Questo è esattamente lo sguardo di Gesù, che è capace di andare oltre ad una semplice descrizione delle esperienze, per far emergere da esse una prospettiva latente. Lo sguardo di Gesù va oltre perché è in grado di vedere in ciò che i pescatori fanno una metafora di ciò che sono chiamati a diventare.  Questi pescatori di pesci sono chiamati a diventare pescatori di uomini! Così ogni uomo, proprio dentro il suo mestiere, la sua occupazione o l’impegno fondamentale della sua vita manifesta i segni di una chiamata ulteriore, quella di diventare discepolo di Gesù e a sua volta evangelizzatore.  La chiamata di Gesù sul lago di tiberiade, anche detto mare di Galilea, è rivolta ad ogni uomo che vive, che si impegna, che soffre e che spera, perchè ogni uomo è chiamato a diventare discepolo di Gesù ed è orientato a far parte della sua comunità che è la Chiesa

La Chiesa diviene così una rete che avvolge tutti gli uomini, di tutte le etnie e culture,  i popoli, senza eccezione: la  “Galilea delle genti”, dove tanti popoli di provenienze e culture diverse abitavano, almeno fin dall’VIII secolo a.C., è davvero un’anticipazione appropriata della natura universale della Chiesa.
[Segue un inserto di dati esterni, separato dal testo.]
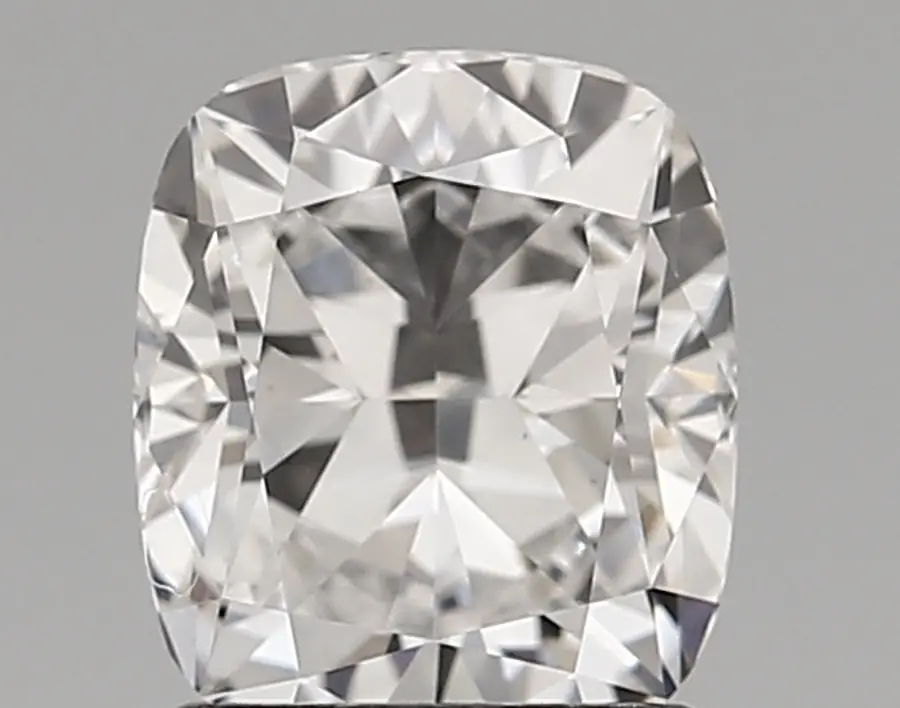 1.39ct D VS1 Cushion (IGI)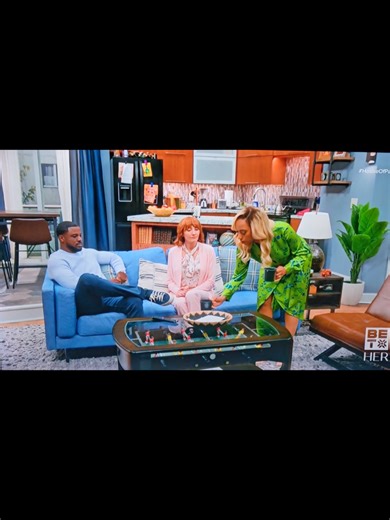 Concerns About Calvin Junior's Temper in House of Payne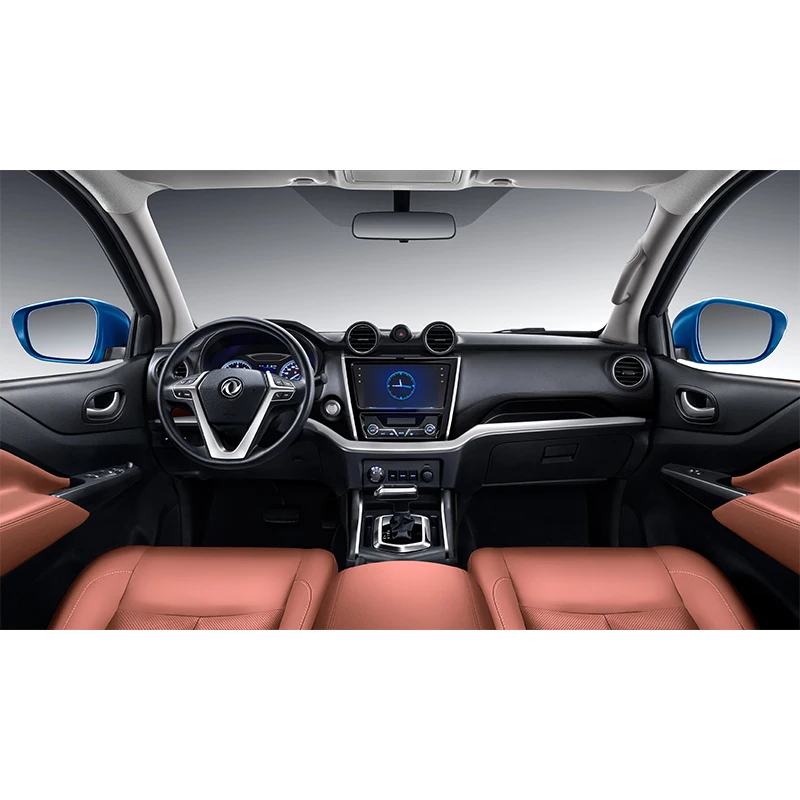 Dongfeng Rich 6 4WD Pickup High Quality Mini Truck 4x 4 4x 2 Drive Wheel Automatic Manual Euro 5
Ma non dobbiamo pensare solo alla Chiesa universale. Anche la Parrocchia di san lorenzo e la città di Riccione sono una galilea dei popoli: albanesi, ucraini, cinesi ecc… Com’è il nostro sguardo verso di loro? Certamente diverso da quello di Gesù. Spesso li guardiamo con sospetto, spiandoli da lontano. Altre volte abbiamo lo sguardo freddo di chi analizza un fenomeno sociologico, per depurarlo da possibili paure… non è questo lo sguardo di Gesù, che contempla e vede ciò che ancora non si vede. Una Chiesa che si lasci ispirare da questo sguardo non è un osservatorio scientifico, né un agenzia di spionaggio, ma è come un porto di mare dove chi arriva, viene avvistato dalla torre di guardia ad aiutato ad approdare. Cio significa saper avvistare coloro che si avvicinano per offrire, proprio dentro ai loro percorsi geografici ed esistenziali, l’approdo del vangelo. Il primo passo è l’accoglienza.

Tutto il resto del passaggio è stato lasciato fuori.